Hmm, apparently there’s a demand for nagging wives – seems some can appreciate them.

Nagging wives

A study lends credence to men’s claims of being nagged by their wives .

You’ve heard it before and you are bound to hear it again. Men’s claims of being bugged by nagging women aren’t going to end any time soon. For, if a recent study is to be believed, women spend 7,920 minutes in a year nagging their husbands about household chores, drinking and health.

A study? Are they really trying to get “scientific evidence” that women nag? (Kinda like when researchers measured female craniums and said scientific evidence indicates that smaller heads were less intelligent?) Do they try to find scientific evidence in any other stereotypes?! Now, that’s going to be a nagging thought tonight…

Here’s what I have to say about nagging –

It ain’t nagging if you do it the first time!

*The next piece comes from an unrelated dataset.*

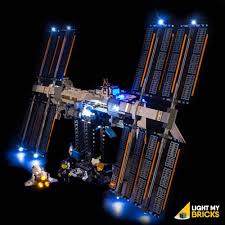Lego International Space Station 21321 Lego Light Kit Light My Bricks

The end of men…and the start of the male victim

We are seeing the rise of the male victim; sometimes it’s an accurate description, sometimes it’s not. Maybe we should call it the new Victim Meninism? Or, male victimology 101? (pay backs, you know)

This article “The End of Men” is full of so many fallacies it’s a wonder it got published. In regard to South Korea, where I worked for several years, ultrasound is still used to tell the baby’s sex – even though it’s illegal. These days, there is more gender parity at birth but they are still dealing with the gender inbalance from years of son preference. Furthermore, China and India still have son preference and use abortion or infanticide on female fetuses.